EXERCISE INSTRUCTIONS =>
With the pictures left aside, write out exactly the lines of the listing below from the line with "Huoneistohotelli Anh đào" to the line with "Steve Madden Women", both included, and only those.

INPUT DATA =>
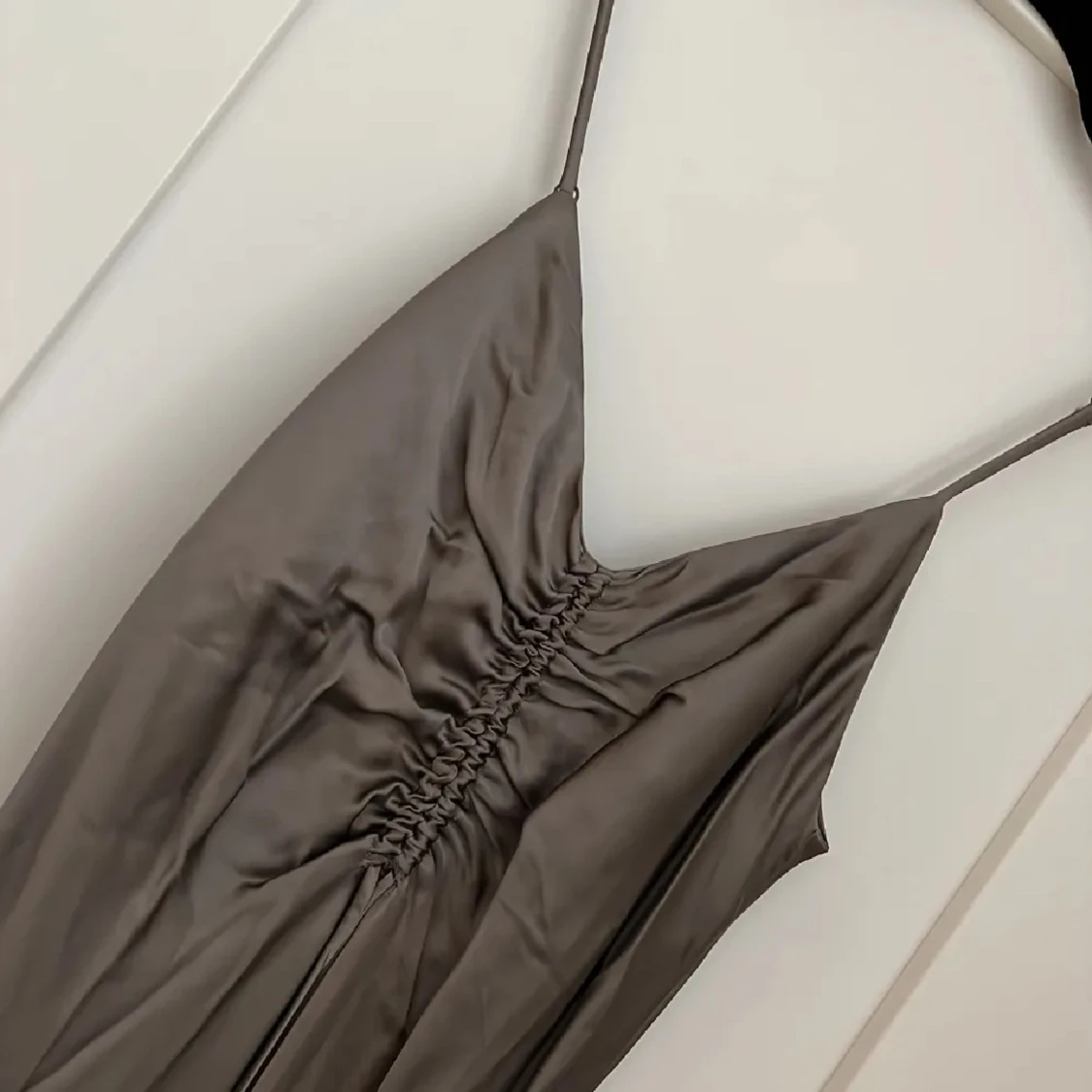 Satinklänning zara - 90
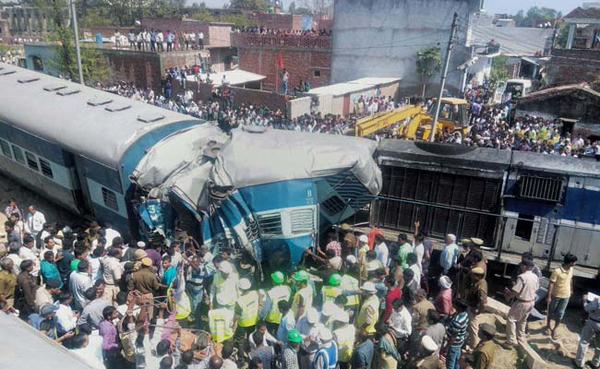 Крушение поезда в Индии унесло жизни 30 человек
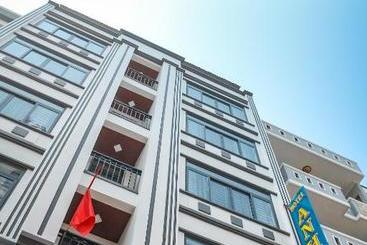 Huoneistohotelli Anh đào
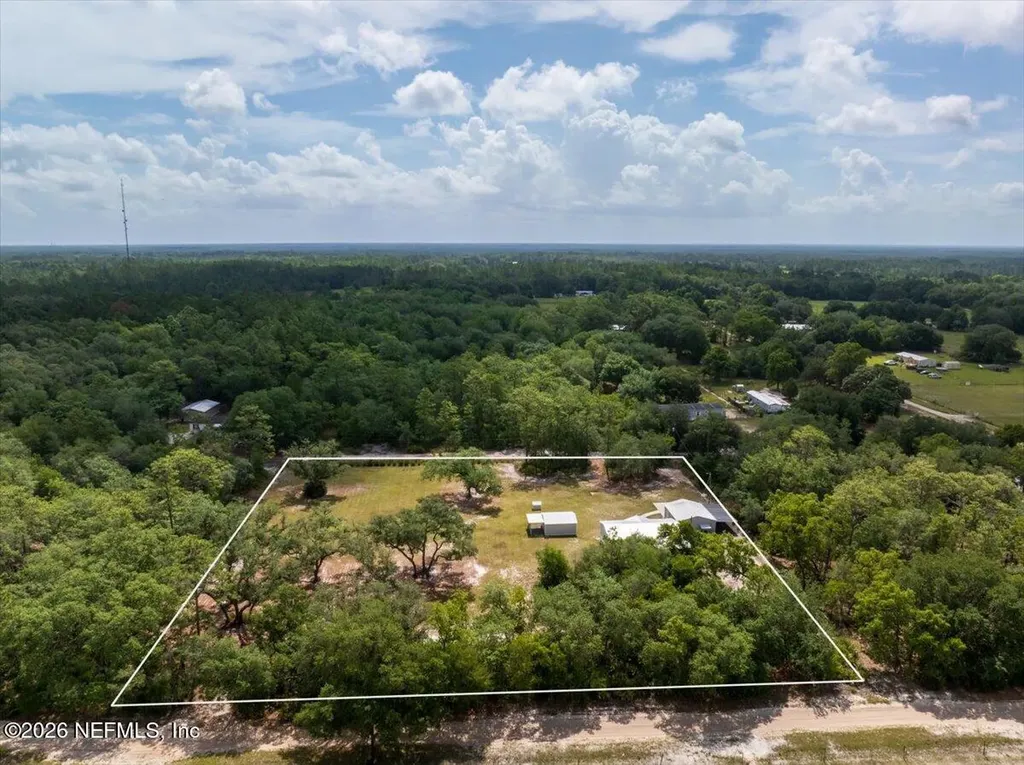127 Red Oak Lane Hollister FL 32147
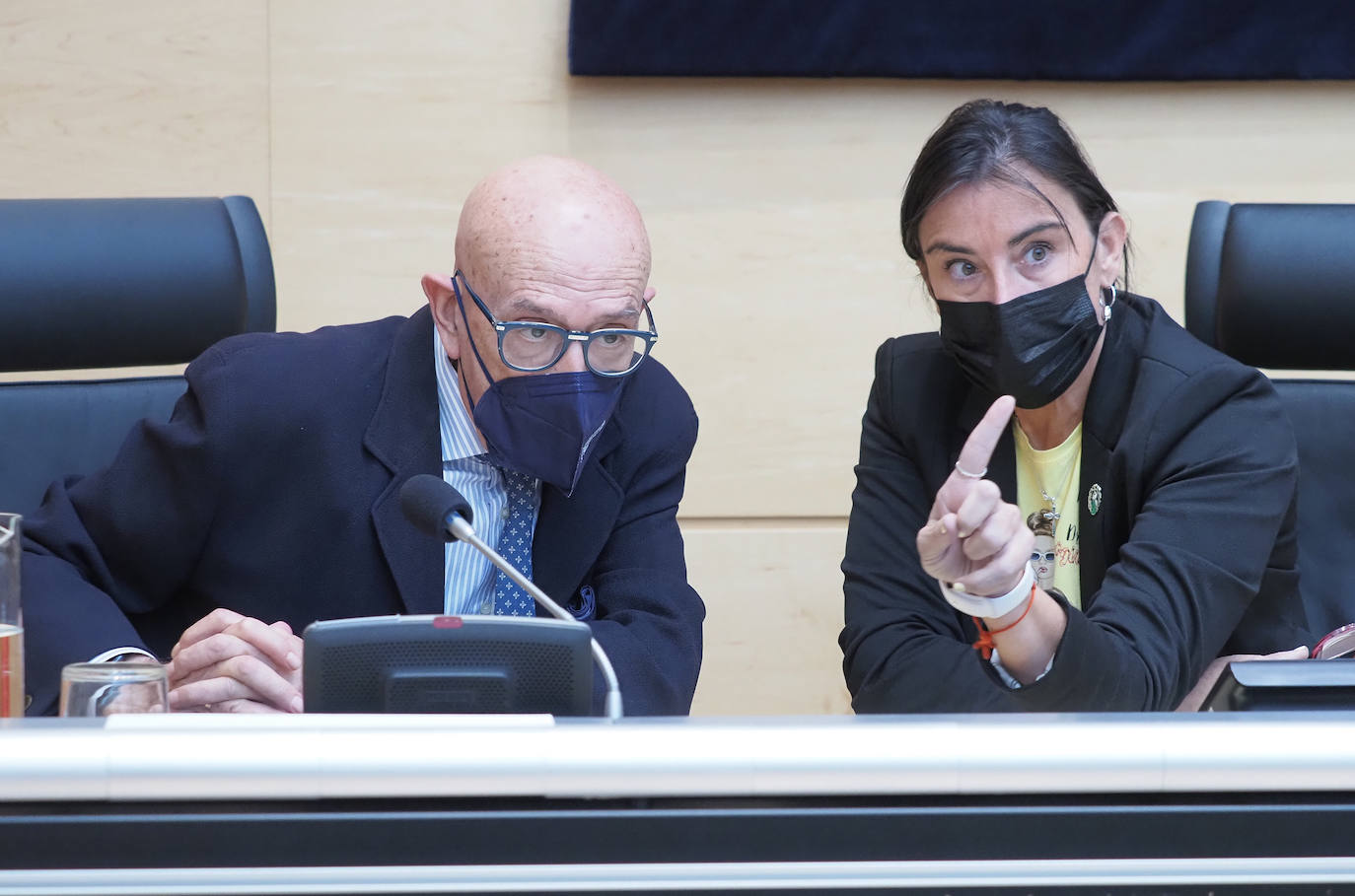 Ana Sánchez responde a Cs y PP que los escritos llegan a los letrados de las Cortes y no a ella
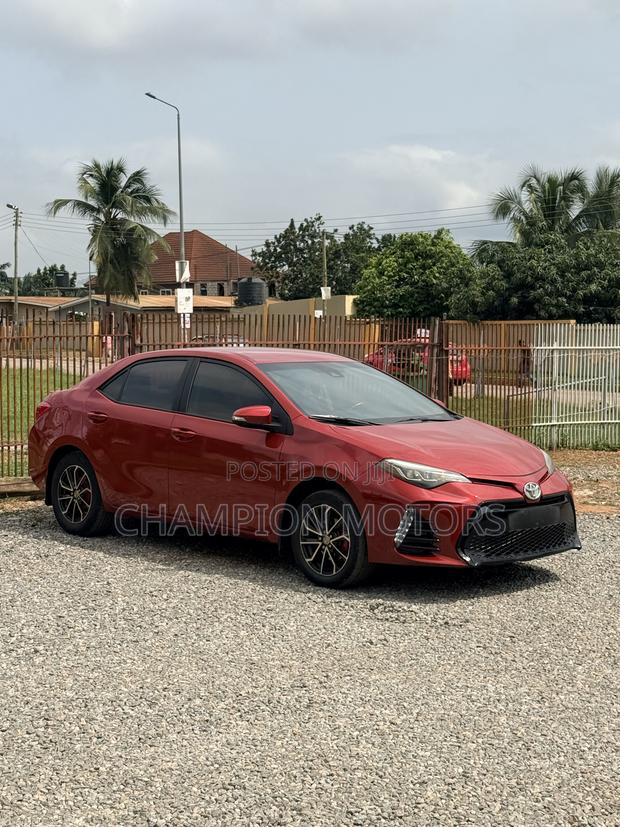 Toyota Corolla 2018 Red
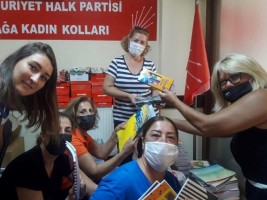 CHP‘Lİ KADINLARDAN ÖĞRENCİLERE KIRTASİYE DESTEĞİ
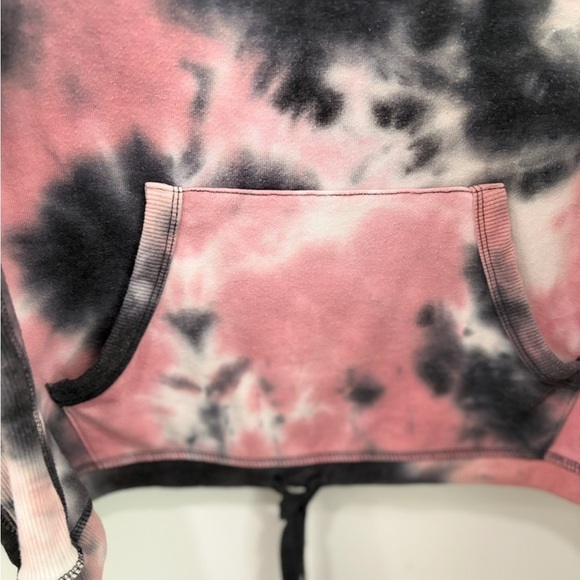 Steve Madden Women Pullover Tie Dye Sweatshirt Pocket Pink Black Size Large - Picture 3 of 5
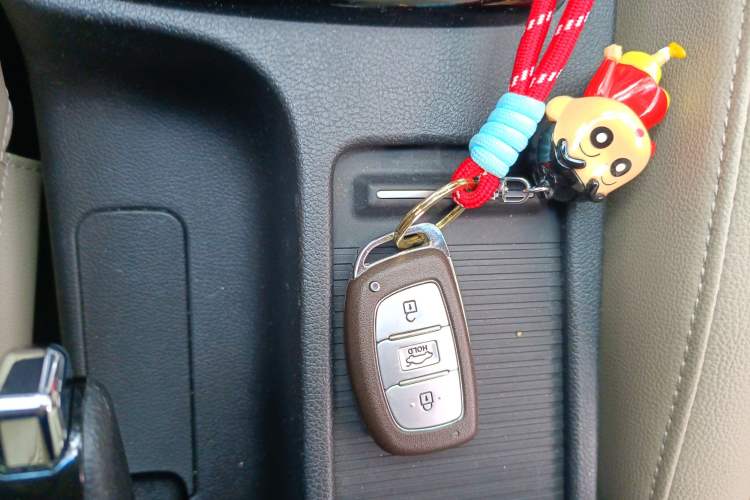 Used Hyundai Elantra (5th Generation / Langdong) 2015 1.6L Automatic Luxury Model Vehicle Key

OUTPUT FOR THIS TASK =>
 Huoneistohotelli Anh đào
127 Red Oak Lane Hollister FL 32147
 Ana Sánchez responde a Cs y PP que los escritos llegan a los letrados de las Cortes y no a ella
 Toyota Corolla 2018 Red
 CHP‘Lİ KADINLARDAN ÖĞRENCİLERE KIRTASİYE DESTEĞİ
 Steve Madden Women Pullover Tie Dye Sweatshirt Pocket Pink Black Size Large - Picture 3 of 5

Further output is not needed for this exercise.